In digital signal processing it is sometimes necessary to convert data sampled at one rate to an arbitrary higher sampling rate. For example, speech data sampled at the standard 8 KHz sampling rate might have to be converted to the 44.1 KHz CD rate in order to be saved on a compact disc. It is important, in such a rate conversion process, to preserve the fidelity of the original analog waveform.
Prior art techniques can be classified into two main categories, digital interpolation techniques and analog interpolation techniques.
Digital interpolation techniques operate on the digital stream of samples to yield a new sequence with the desired number of samples in a given time unit. Signal fidelity is controlled by the shape and size of the digital interpolation filter applied to the modified source sequence. Due to the discrete nature of the approach, it is viable only if the source and destination rates exhibit either an integer ratio or a rational ratio M/N with `small` values of M and N. For large M and/or N these techniques suffer from excessive memory and computational requirements.

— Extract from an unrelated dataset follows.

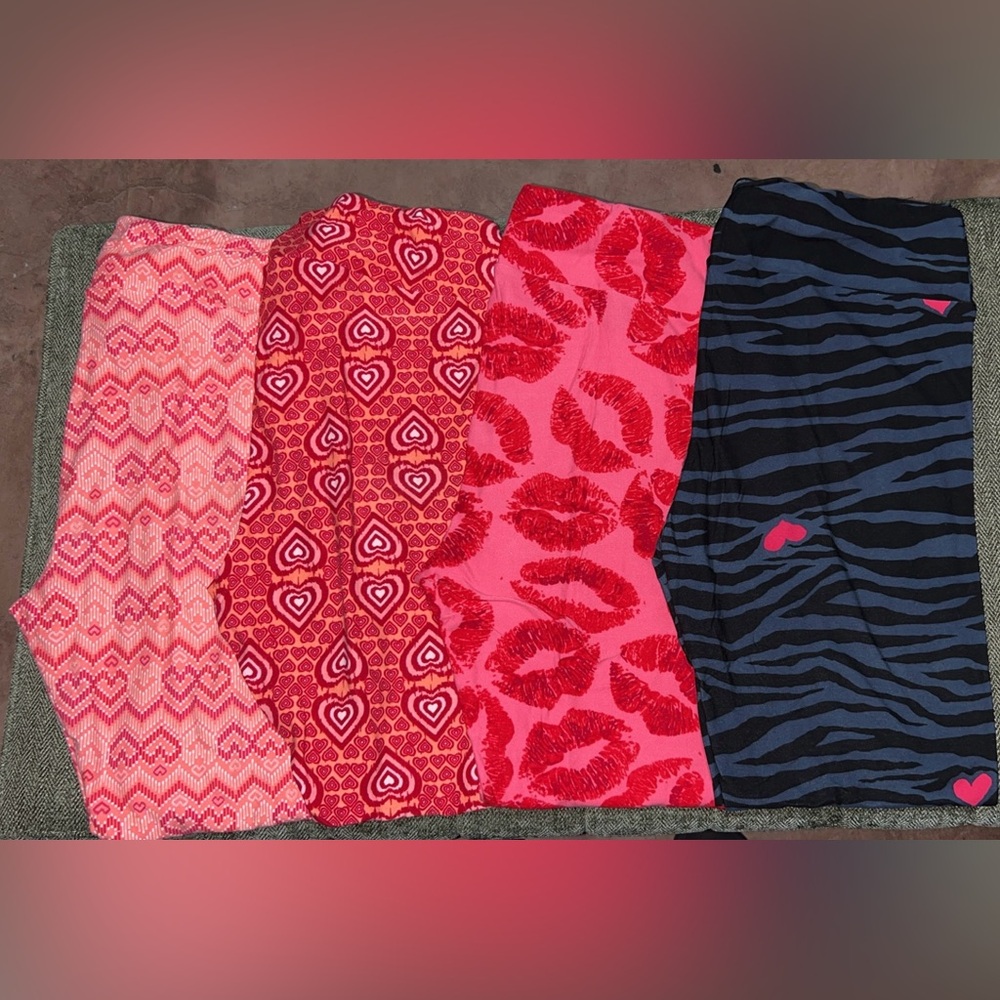 LuLaRoe Black, Navy & Hot Pink Patterned Leggings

Also, if either the source or the destination rates M and N deviate from their nominal values, as can happen in cases where the respective clocking systems are independent, these techniques fail to provide synchronous operation.
In analog interpolation techniques the sampled data is converted to an analog signal via a D/A (digital to analog) device and an associated anti-alias filter and then resampled by an A/D (analog to digital) device at the desired destination rate. The main advantage of this scheme is the flexibility of converting the source stream to any desired rate. The main disadvantage is that the analog electronics introduce distortion and noise and thus adversely affect signal fidelity.